The forerunner of the Messiah
But no one in your family has that name (Luke 1, 61)
The time came for Elizabeth to have her child, and she gave birth to a son; and when her neighbours and relations heard that the Lord had shown her so great a kindness, they shared her joy. Now on the eighth day they came to circumcise the child; they were going to call him Zechariah after his father, but his mother spoke up. ‘No,’ she said ‘he is to be called John.’ They said to her, ‘But no one in your family has that name’, and made signs to his father to find out what he wanted him called. The father asked for a writing-tablet and wrote, ‘His name is John.’ And they were all astonished. At that instant his power of speech returned and he spoke and praised God. All their neighbours were filled with awe and the whole affair was talked about throughout the hill country of Judaea. All those who heard of it treasured it in their hearts. ‘What will this child turn out to be?’ they wondered. And indeed the hand of the Lord was with him. Meanwhile the child grew up and his spirit matured. And he lived out in the wilderness until the day he appeared openly to Israel. (Luke 1, 57-66.80)

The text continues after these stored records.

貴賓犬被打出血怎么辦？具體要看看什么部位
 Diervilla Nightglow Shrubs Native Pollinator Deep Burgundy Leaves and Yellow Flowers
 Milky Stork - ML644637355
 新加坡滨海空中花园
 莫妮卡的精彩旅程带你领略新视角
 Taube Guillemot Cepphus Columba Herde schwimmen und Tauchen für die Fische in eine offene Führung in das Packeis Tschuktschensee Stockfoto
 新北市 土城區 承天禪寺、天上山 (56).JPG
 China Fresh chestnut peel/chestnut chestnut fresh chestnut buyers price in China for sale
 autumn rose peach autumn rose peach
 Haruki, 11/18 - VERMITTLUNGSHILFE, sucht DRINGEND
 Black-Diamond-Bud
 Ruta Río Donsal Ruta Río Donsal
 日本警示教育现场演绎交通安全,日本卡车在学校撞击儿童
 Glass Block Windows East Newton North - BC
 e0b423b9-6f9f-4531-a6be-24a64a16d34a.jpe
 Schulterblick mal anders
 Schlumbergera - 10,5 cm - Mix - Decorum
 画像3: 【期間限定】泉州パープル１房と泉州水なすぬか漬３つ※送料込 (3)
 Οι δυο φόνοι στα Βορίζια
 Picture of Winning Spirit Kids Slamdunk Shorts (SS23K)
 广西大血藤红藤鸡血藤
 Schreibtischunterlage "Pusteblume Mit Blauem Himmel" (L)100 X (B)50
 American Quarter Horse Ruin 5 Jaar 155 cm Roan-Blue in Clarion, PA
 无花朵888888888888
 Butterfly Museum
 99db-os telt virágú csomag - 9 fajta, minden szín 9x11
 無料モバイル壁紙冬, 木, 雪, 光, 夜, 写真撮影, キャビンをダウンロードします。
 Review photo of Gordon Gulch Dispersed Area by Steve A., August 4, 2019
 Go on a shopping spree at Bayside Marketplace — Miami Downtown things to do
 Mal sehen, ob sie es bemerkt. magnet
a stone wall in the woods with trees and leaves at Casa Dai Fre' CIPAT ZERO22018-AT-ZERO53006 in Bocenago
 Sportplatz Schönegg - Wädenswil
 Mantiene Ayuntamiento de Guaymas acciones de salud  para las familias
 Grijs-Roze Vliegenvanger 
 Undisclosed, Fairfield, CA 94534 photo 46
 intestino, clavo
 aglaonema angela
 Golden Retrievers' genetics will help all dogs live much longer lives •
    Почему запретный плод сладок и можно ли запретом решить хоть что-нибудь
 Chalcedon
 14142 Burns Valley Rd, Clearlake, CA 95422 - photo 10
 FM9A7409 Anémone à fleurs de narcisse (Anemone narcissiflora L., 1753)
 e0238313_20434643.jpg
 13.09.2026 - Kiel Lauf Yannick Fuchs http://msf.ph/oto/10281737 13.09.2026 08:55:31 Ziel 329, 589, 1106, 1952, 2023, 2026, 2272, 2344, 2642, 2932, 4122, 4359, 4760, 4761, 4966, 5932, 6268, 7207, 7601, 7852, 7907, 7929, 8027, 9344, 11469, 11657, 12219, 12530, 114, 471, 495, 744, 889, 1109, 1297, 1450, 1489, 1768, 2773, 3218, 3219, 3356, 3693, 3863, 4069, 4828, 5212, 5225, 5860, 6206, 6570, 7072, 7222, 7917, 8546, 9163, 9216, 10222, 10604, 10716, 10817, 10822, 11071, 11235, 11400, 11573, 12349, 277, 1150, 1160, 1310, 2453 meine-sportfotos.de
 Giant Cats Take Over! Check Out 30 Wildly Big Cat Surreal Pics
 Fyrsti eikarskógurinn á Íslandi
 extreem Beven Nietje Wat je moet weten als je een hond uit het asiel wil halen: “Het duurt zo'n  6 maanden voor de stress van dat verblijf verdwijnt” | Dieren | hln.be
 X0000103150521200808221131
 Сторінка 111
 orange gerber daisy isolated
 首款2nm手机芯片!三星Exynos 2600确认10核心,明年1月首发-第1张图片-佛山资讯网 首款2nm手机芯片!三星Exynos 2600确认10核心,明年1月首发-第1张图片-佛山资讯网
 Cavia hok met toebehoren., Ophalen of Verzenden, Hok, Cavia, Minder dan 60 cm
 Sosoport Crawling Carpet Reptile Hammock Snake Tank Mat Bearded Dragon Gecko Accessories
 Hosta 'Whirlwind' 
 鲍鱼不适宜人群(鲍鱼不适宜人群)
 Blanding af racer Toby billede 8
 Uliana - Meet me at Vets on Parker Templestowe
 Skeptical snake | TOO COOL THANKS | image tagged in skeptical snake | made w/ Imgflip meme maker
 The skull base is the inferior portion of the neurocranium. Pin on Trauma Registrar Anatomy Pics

John the Baptist will be the forerunner of the Messiah. In this way, he fulfils Elijah's prophetic role of converting and preparing hearts for the day of the Lord. Jesus will later confirm this interpretation by saying that John is the realisation of the return of the prophet Elijah who it was thought would return to earth to announce the coming of the Messiah the people were waiting for. How much do you trust what Jesus says in the Gospel? Does God's Word make you feel involved or do you feel it is not addressed to you personally?